After ten years, in 2018, the hedge funds returned a seemingly impressive 36%. In fact, the hedge funds also showed slightly less volatility versus the overall market. How much did Warren Buffet make on his boring old index fund?


Uh oh. That's not a good look for hedge funds. How could this happen? It was two things. One is fees. Two, the hedge fund managers used exotic investments that were less time-tested.

By the way, I'm not too fond of hedge funds. Why? They prey on the pride and greed of the rich. They are marketed as exclusive, sexy vehicles that someone like you would be lucky to invest in. Go ahead and look at some of their websites. You'd think you were viewing the front page of the Ritz-Carlton or Rolls-Royce.

There are a lot of wealthy hedge fund managers out there. One of them owns the Boston Red Sox. I'm serious.

How do they get away with all of this? There are two ways.

First, no one is tracking their performance. Since they use such non-traditional investments, there is nothing to peg their performance to. How do you know if an 8% return on a venture capital hedge fund is better than the currency markets or private real estate? It's really hard to compare.

If the hedge funds do poorly versus the stock market, they always say, "We are not correlated to the stock market. Over the long term, you will see our value." But people never pay attention over the long term. "Long-term" can mean anything.

Second: They get lucky. What do I mean by this? Let's say ten hedge funds were founded in 2020. In this instance, nine of them do poorly. They may have invested in the wrong kind of asset. They may be grossly incompetent. The funds fold quietly, never to be heard from again. But one of the ten hits it big.

My favorite instance is a few years back when a hedge fund bet that Greek government bonds would decrease in value. Greece's debt did, in fact, almost default, which sent yields soaring. The fund was up 80% in one year. The fund managers yelled from the rooftops of their success. Billions of dollars poured in. The founders got filthy rich with their 2 and 20 models.

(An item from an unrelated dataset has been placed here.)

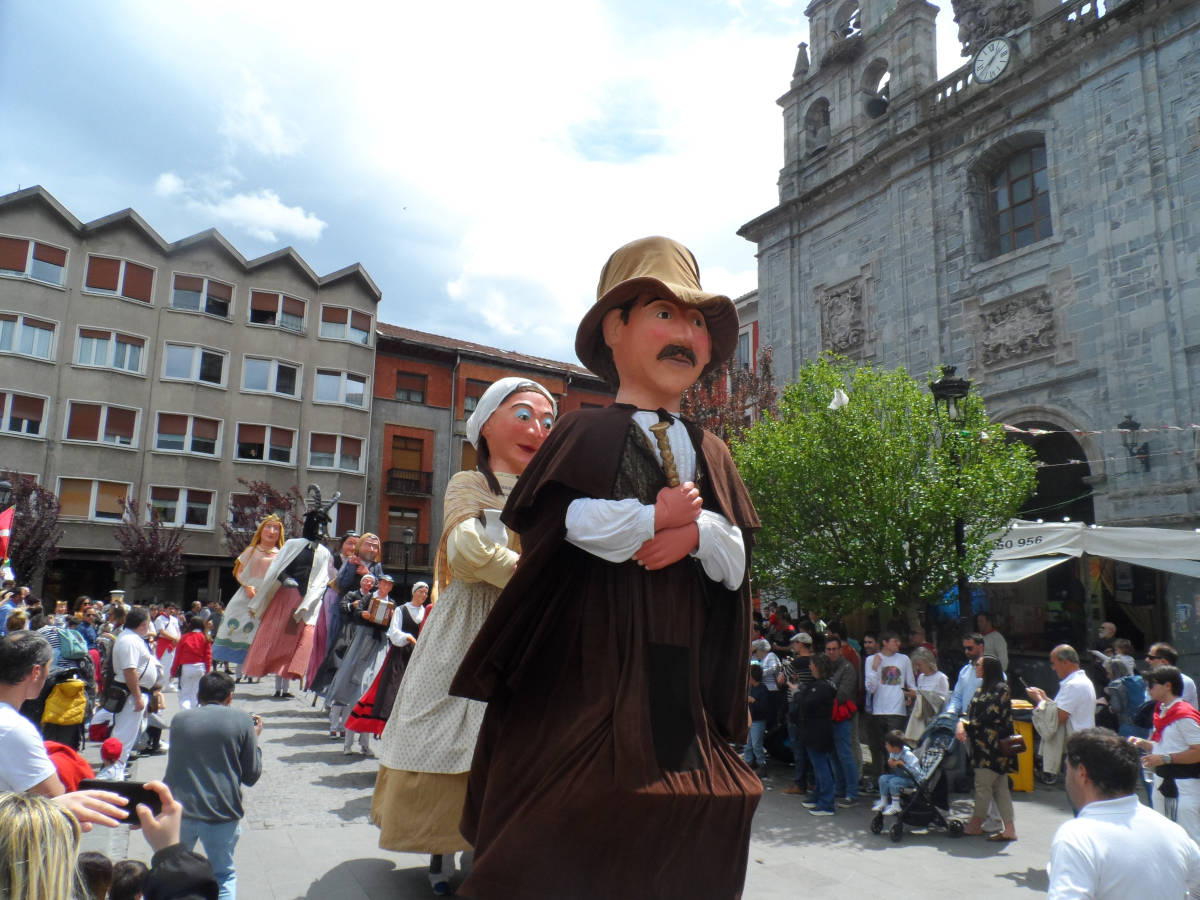 Urduñako Jaietan dantzan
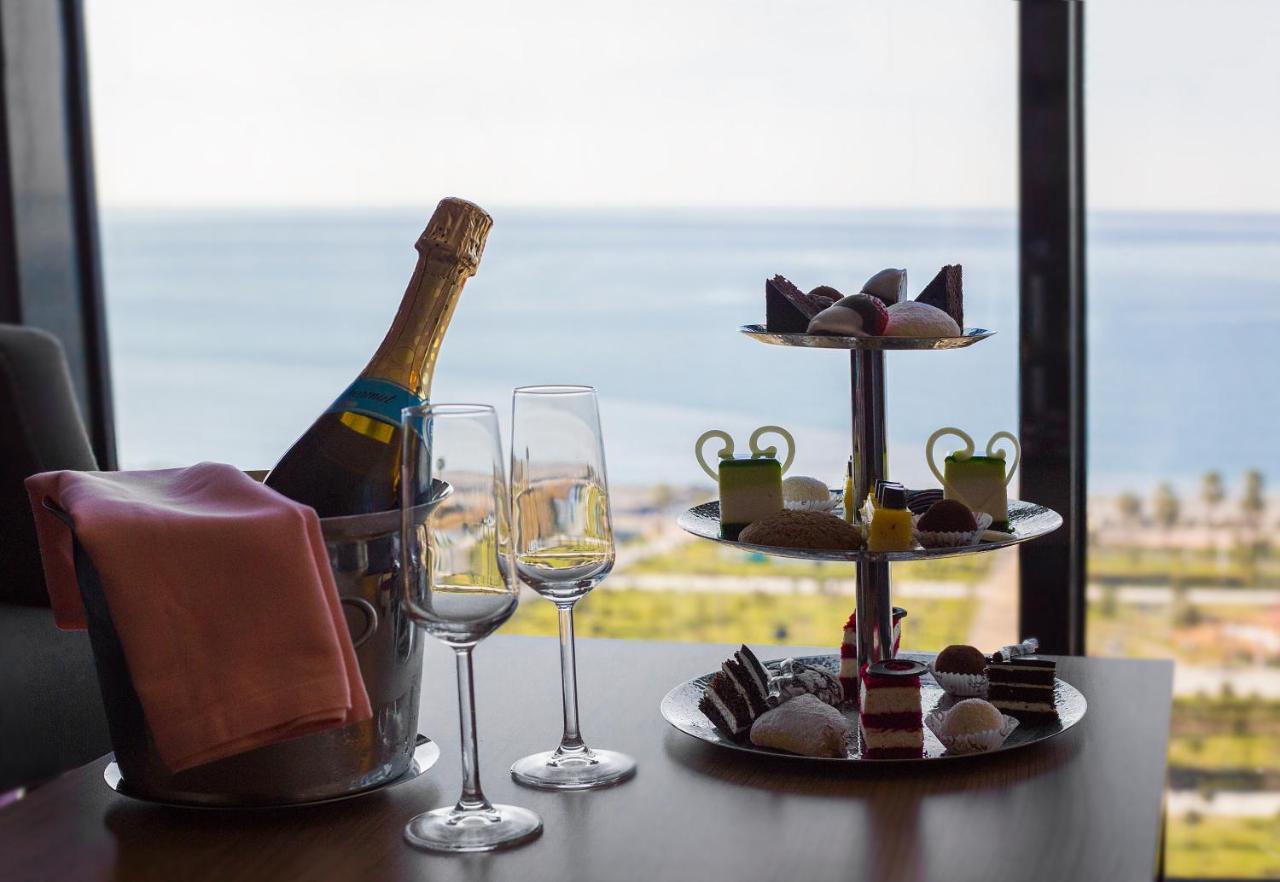 Euphoria Batumi Convention & Casino Hotel Εξωτερικό φωτογραφία Champagne and chocolates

Then, over the next couple of years, the fund had well below average-returns. But it didn't matter. Nobody was tracking them versus other investments. The money was already there. The managers were still paid tens of millions for a below-average investment. In other words, they made a huge gamble on their investment strategy and got lucky. It's like they were drilling on new land and hit oil.

So why do people still invest in hedge funds? Warren Buffet proved conclusively that hedge funds will not make you more money. However, new hedge funds are still being created every year. A few months ago, a hedge fund billionaire bought the New York Mets.

Every time I see one of these guys interviewed, they say the exact same thing about their lost bet with Warren. "That was then. This is now. This time is different." (No, it's not.)

But they didn't do anything! Why are we giving them so much credit? They are treated like royalty, like some financial god. All they did was figure out how to collect high fees from many people for doing nothing. They didn't produce a product. They didn't create a valuable service. They sat in their New York offices, watching sports and buying and trading investments. As Warren Buffett says, "It's like they are getting paid to breathe."